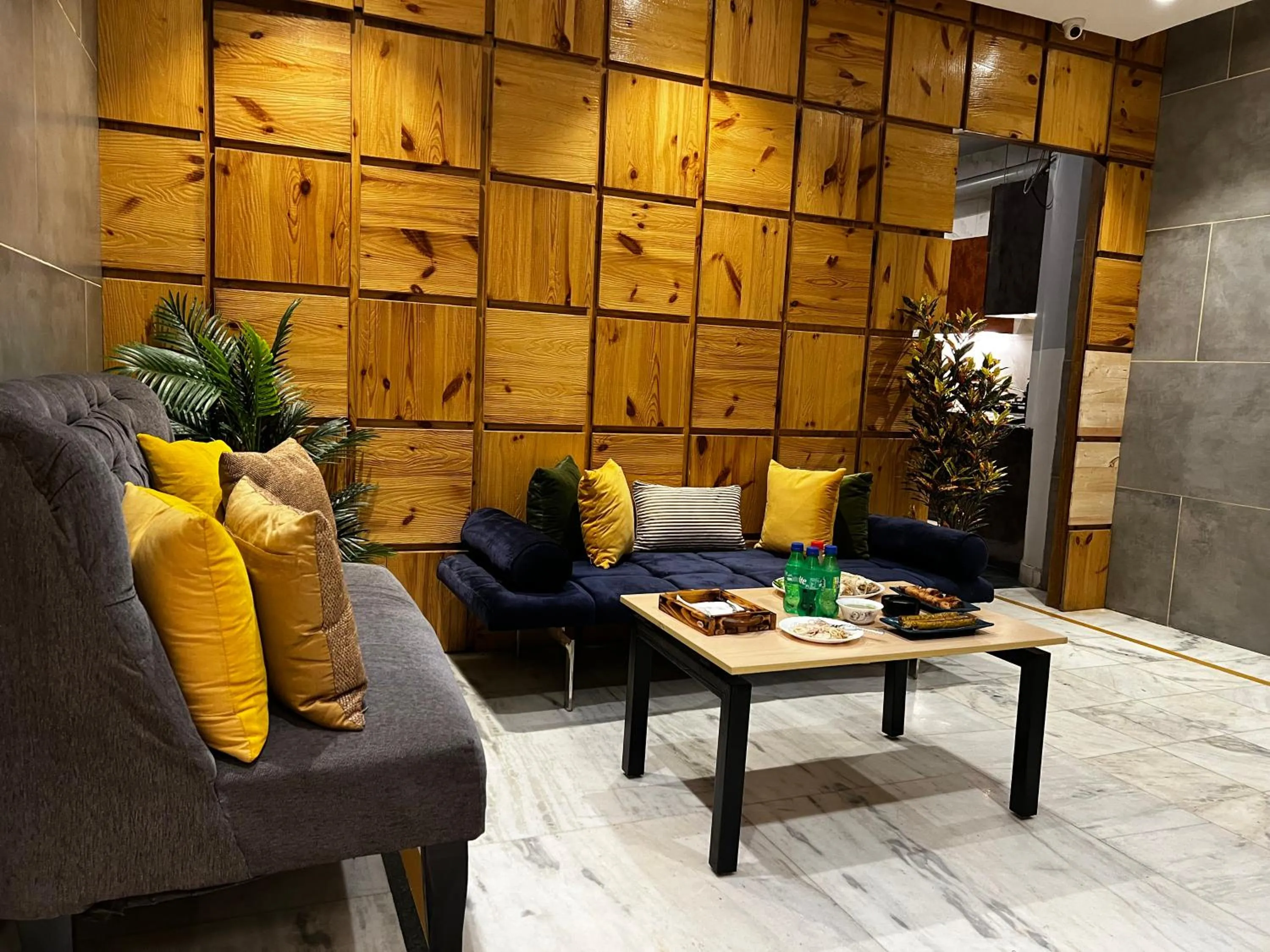 Dining area in Divine Inn Hotel Near Rajouri Garden Main Market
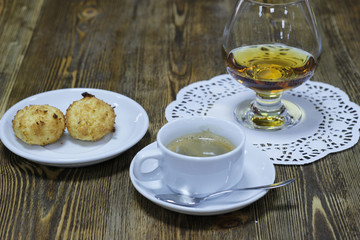 A Cup of hot coffee with biscuits and brandy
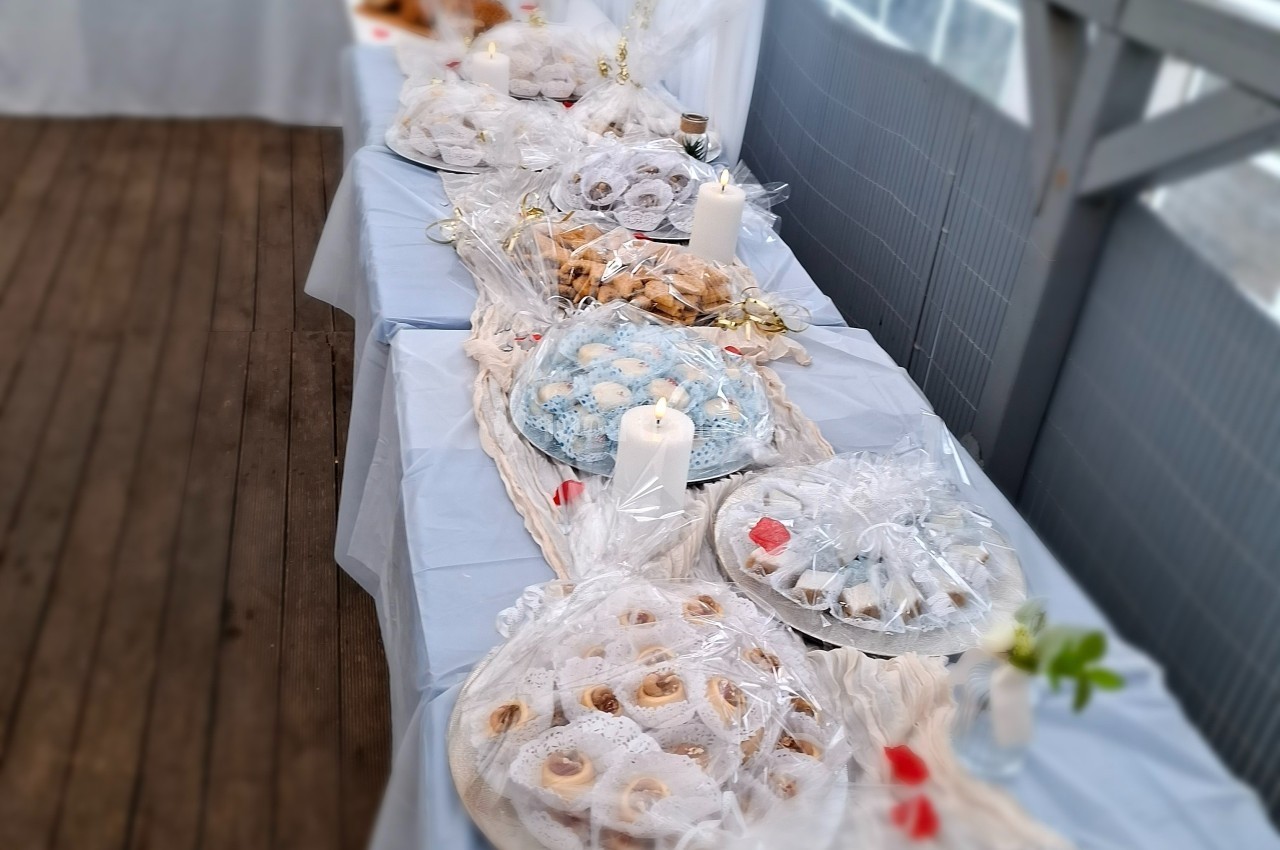 Table garnie de pâtisseries emballées dans du plastique transparent, décorée de bougies blanches et d'une nappe claire.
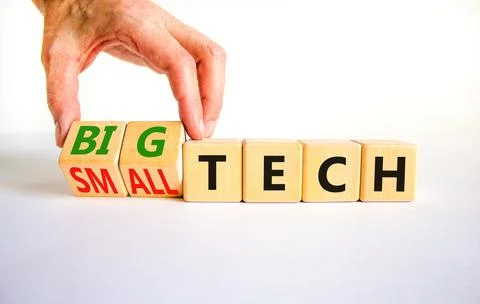 Big or small tech symbol. Businessman turns wooden cubes and changes concept  Stock Photos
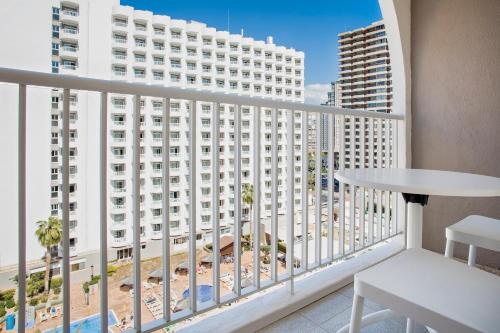 a balcony with a view of a building at Sol Pelicanos Ocas in Benidorm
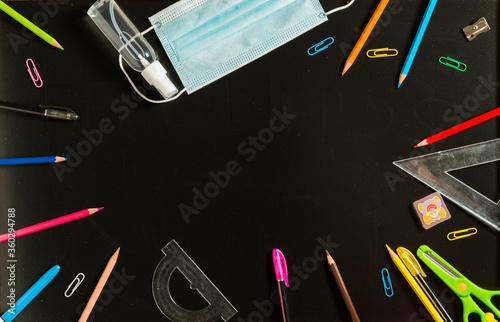 School supplies, face mask and hydroalcoholic gel on blackboard.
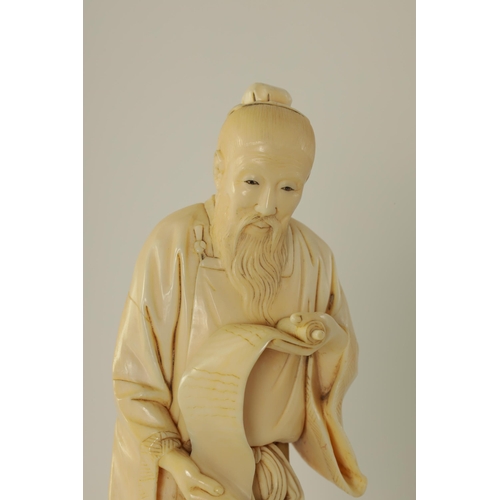 156 - A 19TH CENTURY CHINESE CARVED IVORY FIGURE depicting a scholar with a scroll - signed beneath. (22cm... 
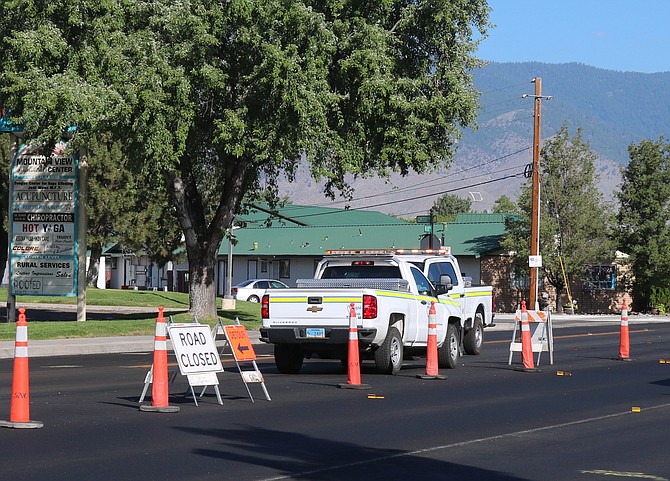 There was asphalt on both sides of Highway 395 on Thursday morning as most of the work turns from digging up pavement to laying it down.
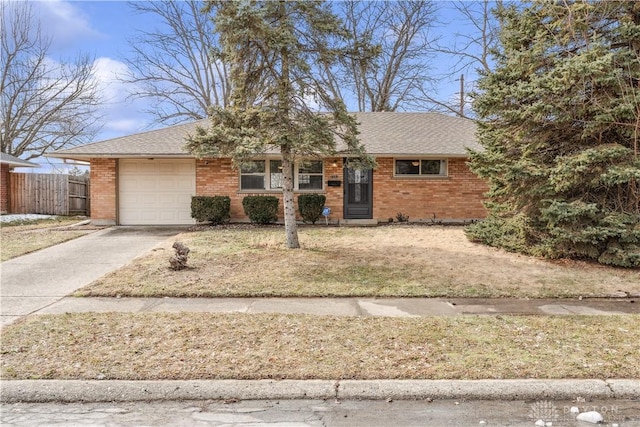 ranch-style home with brick siding, concrete driveway, an attached garage, and fence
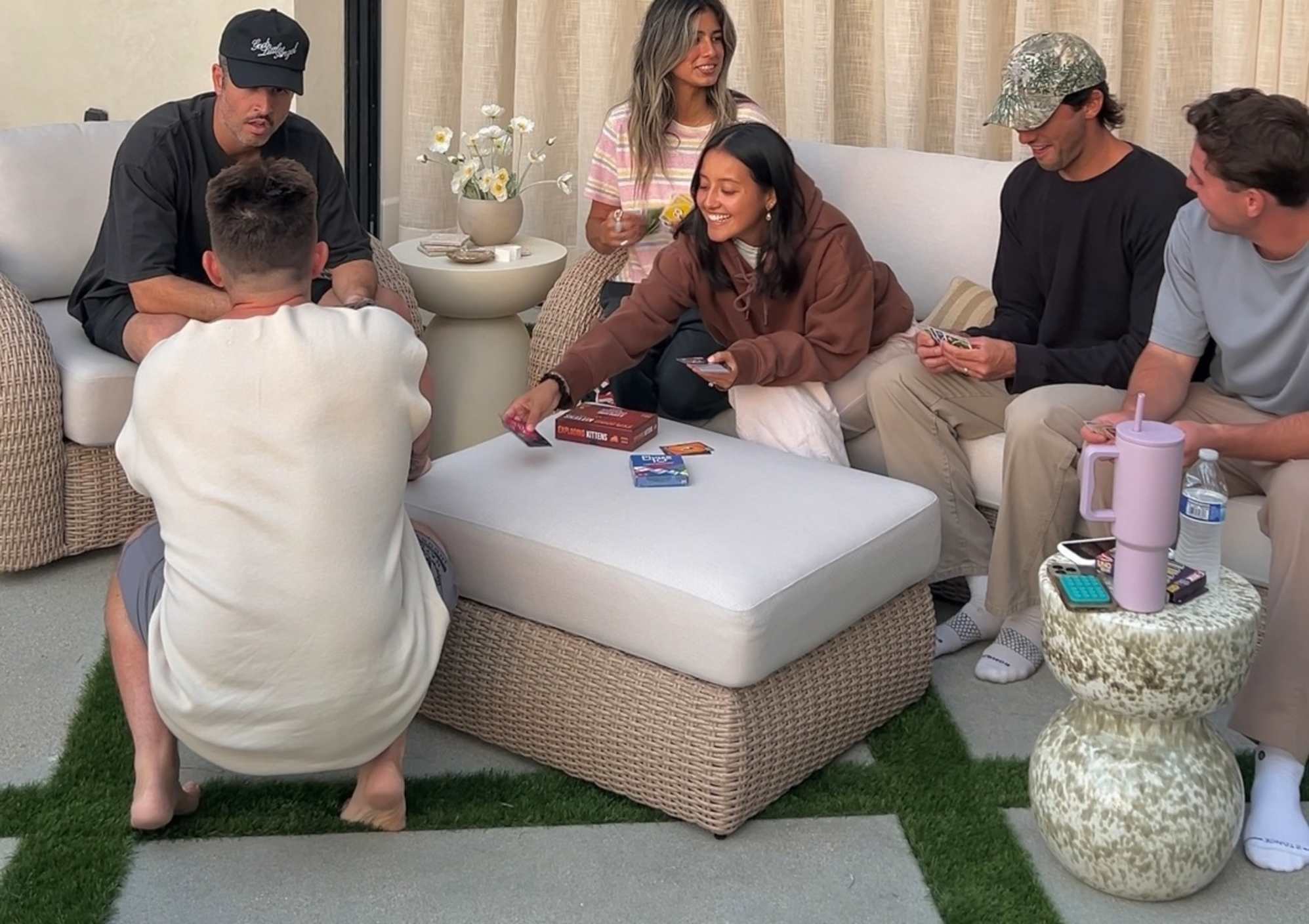 A group of people seated on an outdoor sofa while playing card games on the outdoor ottoman-coffee table.
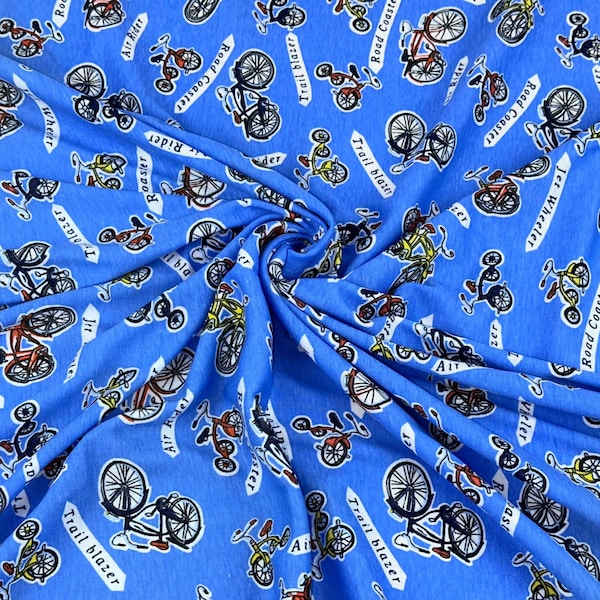 Bicycles on Blue 100% Cotton T-Shirt Knit. Sold in 1/2 Yard Increments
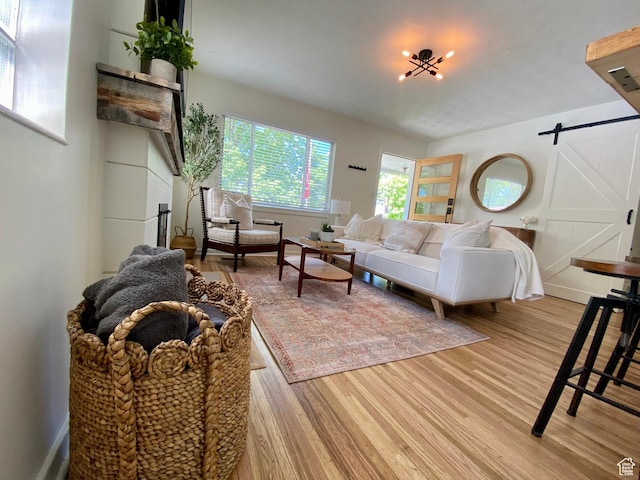 living area with a barn door, light wood-type flooring, and baseboards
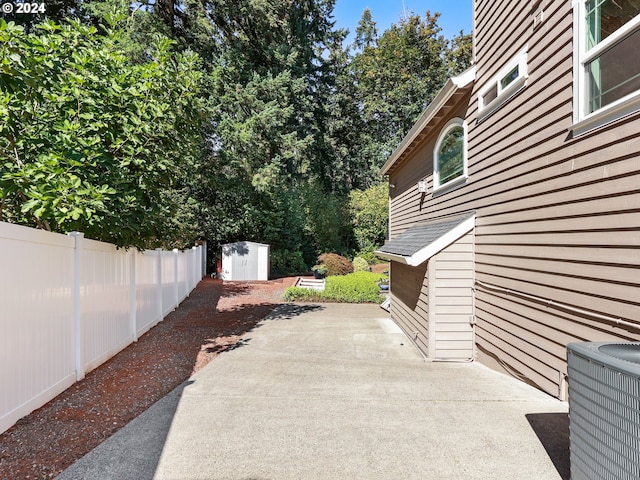 view of patio featuring a shed and central AC unit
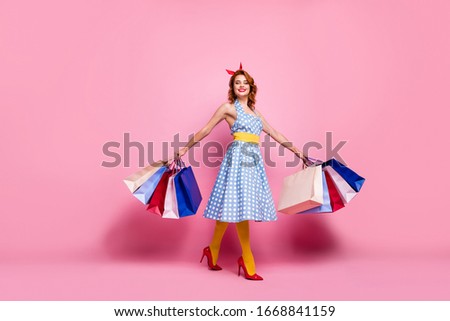 Full size photo cheerful tender elegant cute pretty girl summer weekend go shopping hold many bags enjoy purchase wear blue headband yellow tights red stilettos isolated pink color background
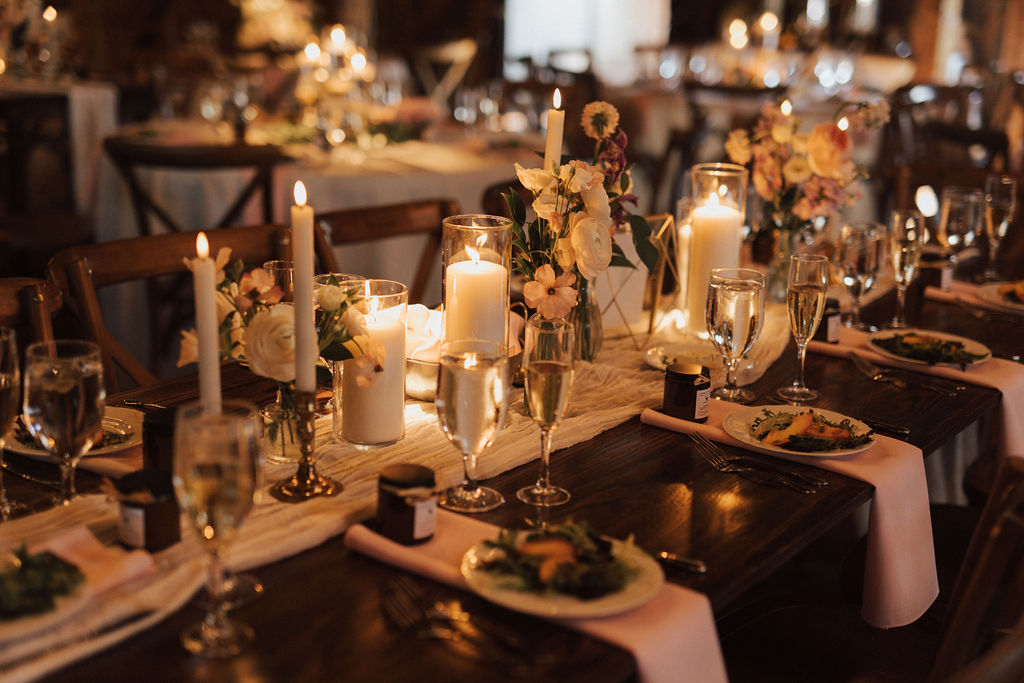 Table adorned with romantic linens, candles and flowers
+++
*YOUR TASK*
Word for word, set down every line of the records above, and leave the pictures out.

*OUTPUT FOR THIS EXERCISE*
 Dining area in Divine Inn Hotel Near Rajouri Garden Main Market
 A Cup of hot coffee with biscuits and brandy
 Table garnie de pâtisseries emballées dans du plastique transparent, décorée de bougies blanches et d'une nappe claire.
 Big or small tech symbol. Businessman turns wooden cubes and changes concept  Stock Photos
 a balcony with a view of a building at Sol Pelicanos Ocas in Benidorm
 School supplies, face mask and hydroalcoholic gel on blackboard.
 156 - A 19TH CENTURY CHINESE CARVED IVORY FIGURE depicting a scholar with a scroll - signed beneath. (22cm... 
 There was asphalt on both sides of Highway 395 on Thursday morning as most of the work turns from digging up pavement to laying it down.
 ranch-style home with brick siding, concrete driveway, an attached garage, and fence
 A group of people seated on an outdoor sofa while playing card games on the outdoor ottoman-coffee table.
 Bicycles on Blue 100% Cotton T-Shirt Knit. Sold in 1/2 Yard Increments
 living area with a barn door, light wood-type flooring, and baseboards
 view of patio featuring a shed and central AC unit
 Full size photo cheerful tender elegant cute pretty girl summer weekend go shopping hold many bags enjoy purchase wear blue headband yellow tights red stilettos isolated pink color background
 Table adorned with romantic linens, candles and flowers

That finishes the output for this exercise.